A new study by the University of Delaware’s Special Initiative on Offshore Wind (SIOW) for the New York State Energy Research and Development Authority (NYSERDA) offers a roadmap of key strategic steps that New York can take to reduce costs of offshore wind power over the next decade.
The study finds that ongoing technology and industry advances combined with actions New York could take, independently or with other states, could lower costs for offshore wind power as much as 50% and bring this power generating source closer to realizing its potential for “delivering utility-scale renewable electric generation” to New York City and nearby areas such as Long Island.
A primary conclusion from the report is that supporting offshore wind development at scale, rather than on a project-by-project basis, could have the greatest impact on reducing costs.

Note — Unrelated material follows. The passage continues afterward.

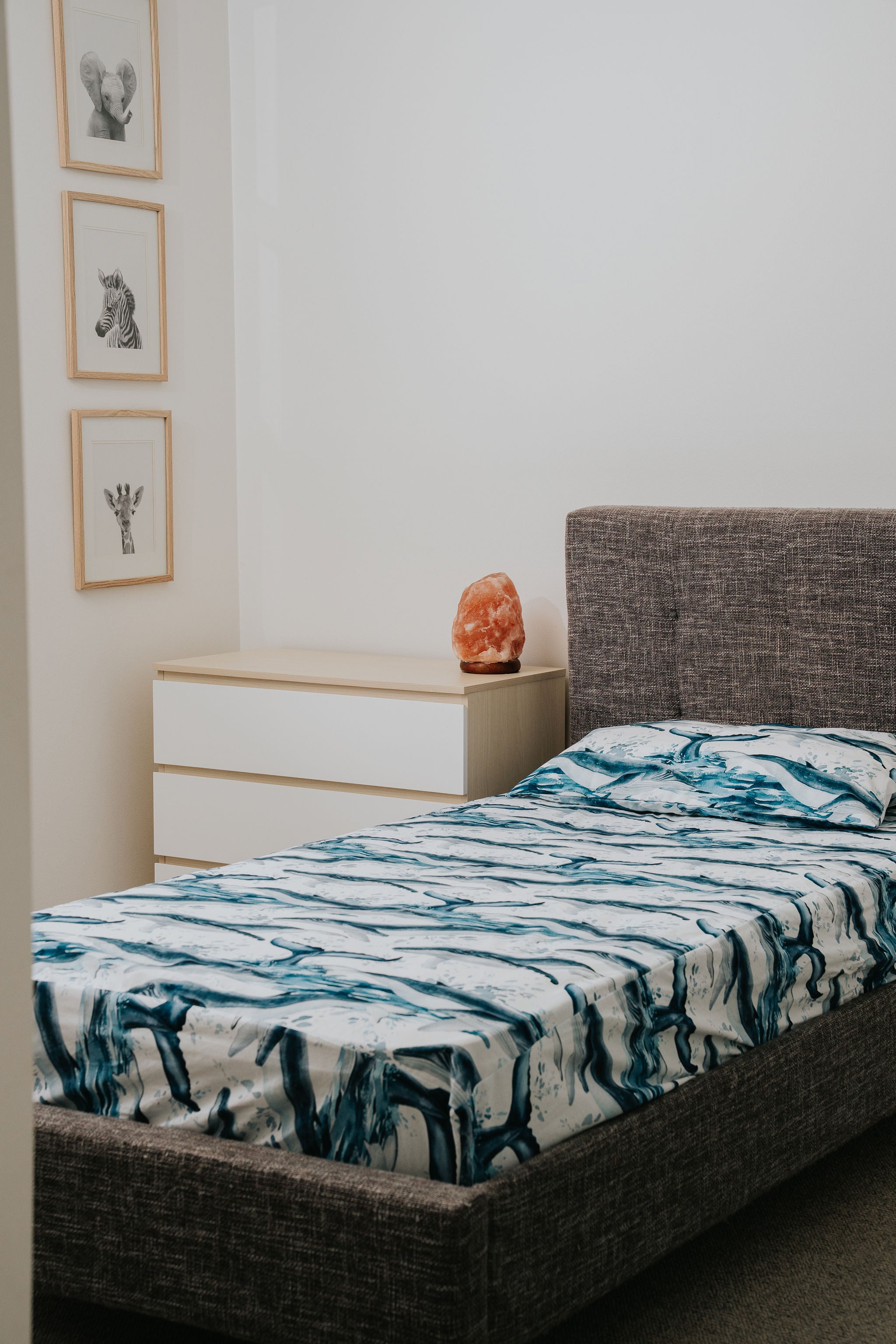 Waterproof Fitted Sheet in Single or King Single - License to Krill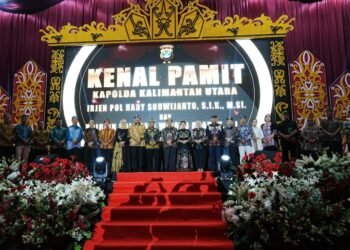 Kenal Pamit Kapolda Kaltara, Gubernur Harap Sinergitas Semakin Erat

Other actions the report cites that could lower costs include creating and using innovative financing mechanisms, developing infrastructure to reduce costs, and supporting site characterization for early projects to reduce development expenses and risk.
The study notes that while onshore wind development has expanded rapidly in the U.S., no operational offshore wind power projects have been completed to date due to complex construction challenges and the need for operational infrastructure that doesn’t exist today in the U.S. These factors lead to high costs and have delayed deployment, said the university in a March 10 statement about the study.
The study identifies multiple paths for reducing offshore wind power costs in New York State, emphasizing that the “State can take actions in the near term to lower its costs substantially, independent of expected external reductions over the next decade.” The study finds that taking advantage of wind turbine innovations and other technology and industry advances could lower costs about 20%. Direct steps taken by New York State could contribute up to an additional 30% reduction in a project’s cost.
“Well-designed policies and actions taken by New York, as well as by other states, can play an essential role in helping New York City and other U.S. East Coast population centers benefit from gigawatts of clean energy that could be generated by deploying wind turbines off the Atlantic coast,” said Stephanie McClellan, Director, SIOW. McClellan is presenting the report’s findings at the March 10-12 “Offshore 2015” conference, the world’s largest annual offshore wind energy gathering held by the European Wind Energy Association in Denmark.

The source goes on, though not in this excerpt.